Task to complete: Begin at the line that holds "Gestreept T-shirt voor" and copy each line exactly until the data below ends, including that last line but no pictures.

[Collected data]
>>

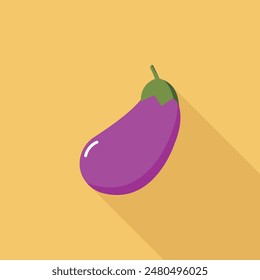 Simple purple aubergine icon in a flat style with a shadow. Vector illustration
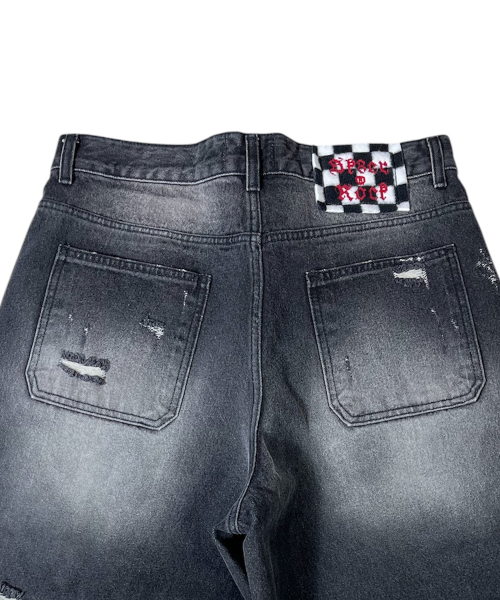 SK8ER ROCK(スケーターロック)の「Destroyed Denim Cropped Wide Pants ((black))(デニムパンツ・レディース・その他・LARGE/MEDIUM/SMALL)」の3枚目の写真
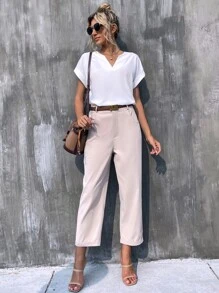 SHEIN LUNE Notched Neck Batwing Sleeve Blouse - White - View 6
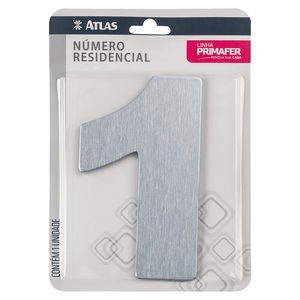 Número Residencial 1, Atlas, Acabamento Aço Escovado - PR3001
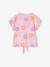 Gestreept T-shirt voor meisjes met sierstrik lavendel+rozen+wit - vertbaudet enfant 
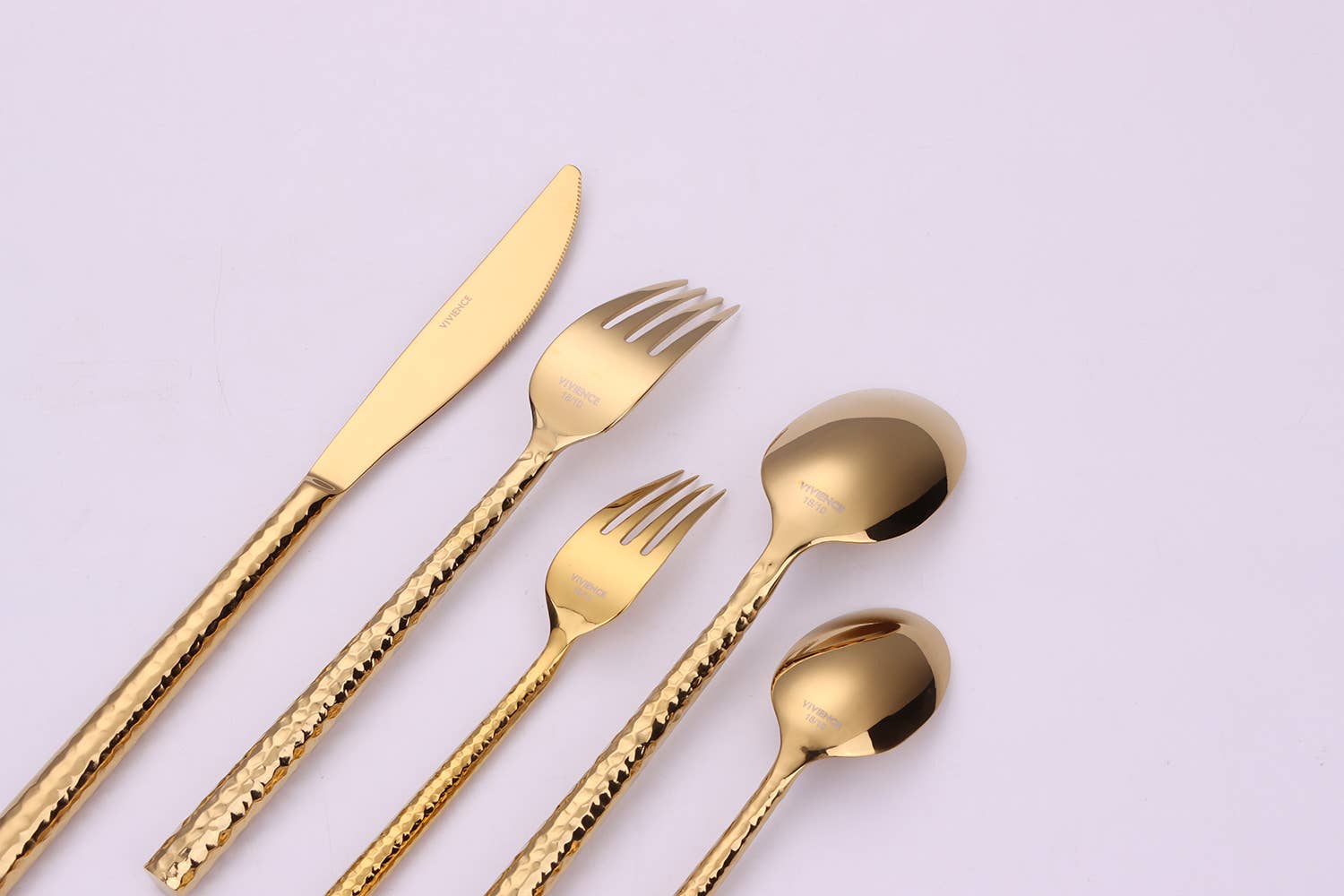 VIVIENCE - Venta al por mayor Conjunto de cubiertos - Juego de cubiertos Pexo de 20 piezas en acabado dorado para 4 personas4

<<

Your solution:
 Gestreept T-shirt voor meisjes met sierstrik lavendel+rozen+wit - vertbaudet enfant 
 VIVIENCE - Venta al por mayor Conjunto de cubiertos - Juego de cubiertos Pexo de 20 piezas en acabado dorado para 4 personas4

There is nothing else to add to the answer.